The June quarter results of two major Indian IT companies, Tech Mahindra and HCL Technologies, have drawn fresh attention to the ongoing slowdown in the global technology services industry. Both firms released their Q1 FY26 earnings this week, showing signs of pressure amid an uncertain macroeconomic environment and continued weakness in technology spending, especially in the United States.

Tech Mahindra reported a marginal decline of 0.2 percent in its consolidated revenue on a sequential basis, clocking in at just over 13,350 crore rupees for the quarter ending June 2025. Net profit was also down by one percent quarter on quarter at 1,128 crore rupees. While the revenue figures were flat, the company managed to expand its operating margin by 50 basis points to 14.5 percent, mainly by keeping a tighter check on employee costs.

On the other hand, HCL Technologies posted revenue of 30,349 crore rupees for the same period, marking a 0.8 percent drop in constant currency terms compared to the previous quarter.
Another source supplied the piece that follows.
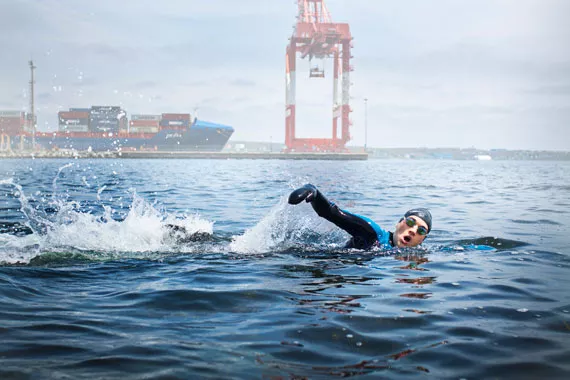 Writer Hillary Windsor braves the cold, mostly-clean waters of Halifax Harbour off of - Black Rock Beach. - LENNY MULLINS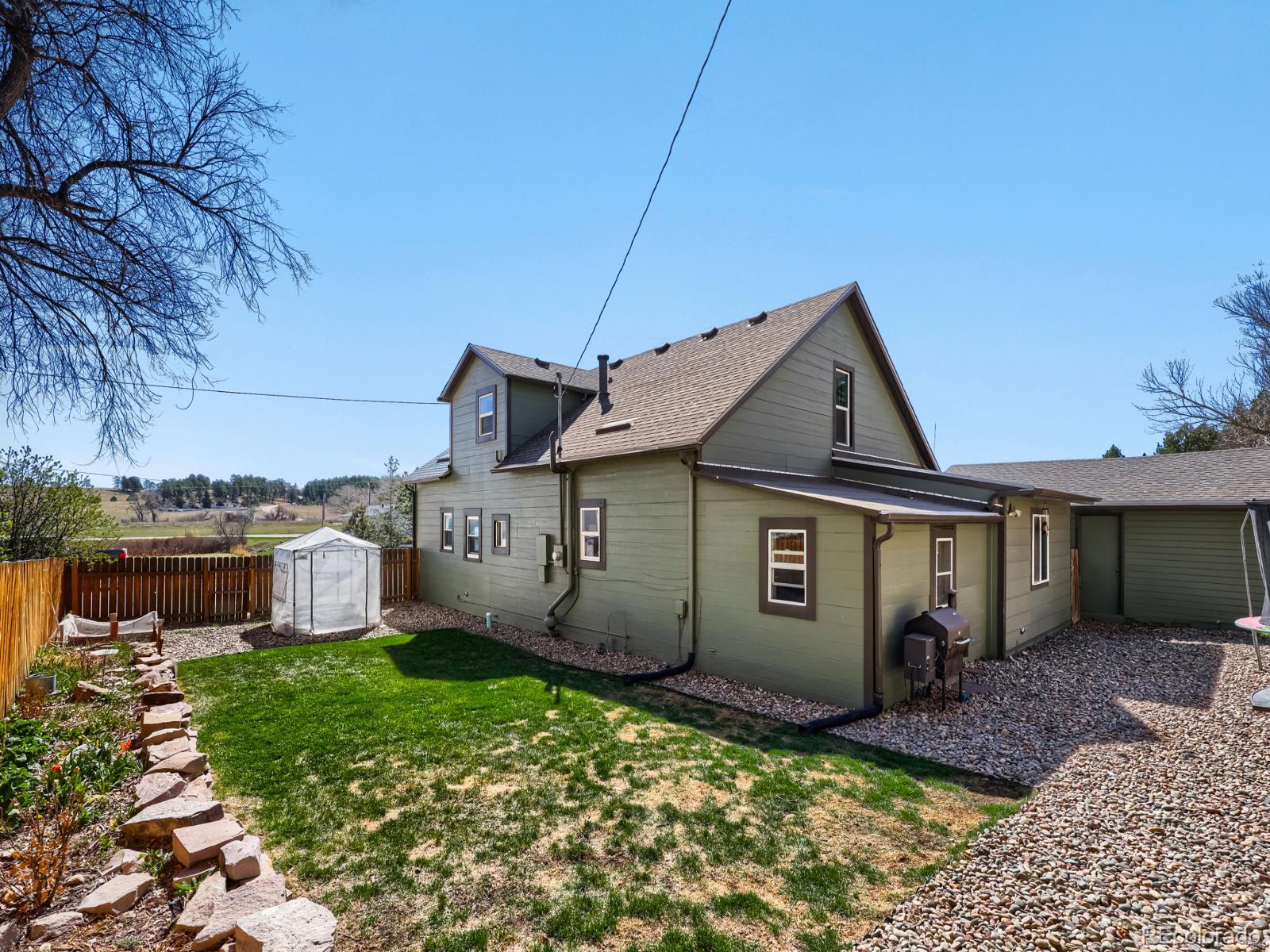 24379 Main Street Elbert, CO 80106 - Photo 24 of 29 a view of a house with a yard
Its core operating margin came in at 19.9 percent, which was a fall of 150 basis points from the March quarter. Net profit also took a significant hit, declining by 10.8 percent to 3,844 crore rupees. Despite the dip, HCL has revised its full-year growth outlook slightly upward, now expecting three to five percent growth in constant currency terms for FY26.

Deal wins, a key indicator of future revenue potential, told a mixed story for both companies. Tech Mahindra secured new deals worth 809 million dollars, a slight improvement from the 798 million reported in the previous quarter. HCL Technologies, however, reported a steep drop in its deal wins from 2.99 billion dollars in March to 1.81 billion in June, suggesting a more cautious spending environment among global clients.

The backdrop to these results includes broader concerns about reduced IT spending in global markets, particularly the United States, which continues to be affected by the trade tariff agenda under the Trump administration. With many clients reassessing budgets and postponing digital transformation projects, Indian IT majors are finding it harder to grow revenues at the pace they once did.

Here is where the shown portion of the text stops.